I am using keras-tuner in order to obtain the best set of hyperparameters for my model. I can reproduce my problem for a random dataset:
def generate_data(n_windows, n_timesteps):
feature_vector_list = []
label_list = []
for i in range(10):
x = tf.random.normal((n_windows, n_timesteps))
feature_vector = [x]
choices = [np.array([1, 0]), np.array([0, 1]),
np.array([0, 0]), np.array([1,1])]
labels = np.array([random.choice(choices) for i in range(n_windows)])
feature_vector_list.append(feature_vector)
label_list.append(labels)
return feature_vector_list, label_list
def custom_generator(feat_vector_list, label_list):
assert len(feat_vector_list) == len(label_list), \
"Number of feature vectors inconsistent with the number of labels"
counter = 0
while True:
feat_vec = feat_vector_list[counter]
list_labels = label_list[counter]
counter = (counter + 1) % len(feat_vector_list)
yield feat_vec, list_labels
Here is the model:
def model_builder(hp):
n_timesteps, n_features, n_outputs = 60, 1, 2
hp_units = hp.Int("units", min_value=50, max_value=500, step=50)

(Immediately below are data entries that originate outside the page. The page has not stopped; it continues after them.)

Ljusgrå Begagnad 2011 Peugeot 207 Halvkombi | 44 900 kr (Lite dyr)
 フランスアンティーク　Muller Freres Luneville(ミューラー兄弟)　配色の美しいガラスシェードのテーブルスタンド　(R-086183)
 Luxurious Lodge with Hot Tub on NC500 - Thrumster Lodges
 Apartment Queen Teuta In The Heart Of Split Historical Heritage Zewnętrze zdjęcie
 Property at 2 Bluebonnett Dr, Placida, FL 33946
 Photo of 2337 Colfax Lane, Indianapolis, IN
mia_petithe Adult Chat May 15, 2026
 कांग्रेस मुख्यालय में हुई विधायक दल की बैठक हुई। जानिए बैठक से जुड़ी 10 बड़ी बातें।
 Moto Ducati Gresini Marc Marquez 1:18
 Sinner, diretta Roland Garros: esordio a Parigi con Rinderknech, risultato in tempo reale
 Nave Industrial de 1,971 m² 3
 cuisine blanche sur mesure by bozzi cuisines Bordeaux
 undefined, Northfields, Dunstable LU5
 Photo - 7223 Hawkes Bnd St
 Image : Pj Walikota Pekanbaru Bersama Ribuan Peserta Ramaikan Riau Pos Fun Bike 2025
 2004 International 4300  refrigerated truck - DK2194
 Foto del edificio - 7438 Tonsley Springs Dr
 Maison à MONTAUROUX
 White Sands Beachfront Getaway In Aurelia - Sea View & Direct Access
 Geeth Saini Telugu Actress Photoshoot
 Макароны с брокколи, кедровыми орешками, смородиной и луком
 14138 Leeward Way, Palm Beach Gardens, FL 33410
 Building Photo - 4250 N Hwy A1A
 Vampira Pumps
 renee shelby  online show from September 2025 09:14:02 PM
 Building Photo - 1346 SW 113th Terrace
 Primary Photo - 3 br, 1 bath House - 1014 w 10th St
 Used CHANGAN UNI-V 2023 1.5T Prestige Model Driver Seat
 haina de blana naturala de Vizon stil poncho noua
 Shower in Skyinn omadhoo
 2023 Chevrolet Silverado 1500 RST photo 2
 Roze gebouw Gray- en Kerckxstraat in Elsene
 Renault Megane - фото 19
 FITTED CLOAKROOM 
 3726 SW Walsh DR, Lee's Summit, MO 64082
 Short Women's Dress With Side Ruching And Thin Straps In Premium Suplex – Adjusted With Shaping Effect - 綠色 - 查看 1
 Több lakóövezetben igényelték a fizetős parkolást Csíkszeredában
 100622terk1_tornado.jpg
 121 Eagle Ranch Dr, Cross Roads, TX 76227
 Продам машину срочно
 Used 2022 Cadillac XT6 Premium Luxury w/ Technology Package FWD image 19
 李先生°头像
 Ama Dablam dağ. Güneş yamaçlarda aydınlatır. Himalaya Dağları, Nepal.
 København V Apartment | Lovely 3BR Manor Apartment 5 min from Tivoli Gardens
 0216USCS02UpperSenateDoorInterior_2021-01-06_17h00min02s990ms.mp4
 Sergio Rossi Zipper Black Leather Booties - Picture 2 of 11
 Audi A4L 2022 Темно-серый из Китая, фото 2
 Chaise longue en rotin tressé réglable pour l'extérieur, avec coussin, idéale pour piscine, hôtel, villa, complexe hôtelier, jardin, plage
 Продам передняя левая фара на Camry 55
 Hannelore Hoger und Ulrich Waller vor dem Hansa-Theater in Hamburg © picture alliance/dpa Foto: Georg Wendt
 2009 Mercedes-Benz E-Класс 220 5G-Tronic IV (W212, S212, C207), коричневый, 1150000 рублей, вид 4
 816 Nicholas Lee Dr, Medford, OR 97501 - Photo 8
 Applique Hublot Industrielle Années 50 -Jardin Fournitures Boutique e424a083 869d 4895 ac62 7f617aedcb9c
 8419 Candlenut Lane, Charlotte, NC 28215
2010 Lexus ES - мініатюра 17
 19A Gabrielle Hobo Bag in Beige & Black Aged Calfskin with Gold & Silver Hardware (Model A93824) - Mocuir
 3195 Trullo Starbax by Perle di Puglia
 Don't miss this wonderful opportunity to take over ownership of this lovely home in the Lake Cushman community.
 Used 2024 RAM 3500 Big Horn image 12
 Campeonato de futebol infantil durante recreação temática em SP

hp_filters = hp.Int("filters", 4, 32, step=4, default=8)
hp_kernel_size = hp.Int("kernel_size", 3, 50, step=1)
hp_pool_size = hp.Int("pool_size", 2, 8, step=1)
hp_dropout = hp.Float("dropout", 0.1, 0.5, step=0.1)
input1 = Input(shape=(n_timesteps, n_features))
conv1 = Conv1D(filters=hp_filters,
kernel_size=hp_kernel_size,
activation='relu')(input1)
drop1 = Dropout(hp_dropout)(conv1)
if hp.Choice("pooling", ["max", "avg"]) == "max":
pool1 = MaxPooling1D(pool_size=hp_pool_size)(drop1)
else:
pool1 = AveragePooling1D(pool_size=hp_pool_size)(drop1)
flatten1 = Flatten()(pool1)
# hidden layers
dense1 = Dense(hp_units, activation='relu')(flatten1)
outputs = Dense(n_outputs, activation='softmax')(dense1)
model = Model(inputs=[input1, input2], outputs=outputs)
model.compile(loss='categorical_crossentropy',
optimizer=tf.keras.optimizers.Adam(learning_rate=hp.Float("learning_rate",
0.01,
0.1,
step=0.2)),
metrics=['accuracy'])
return model
Here is the training script:
if __name__ == '__main__':
x_train, y_train = generate_data(350, 60)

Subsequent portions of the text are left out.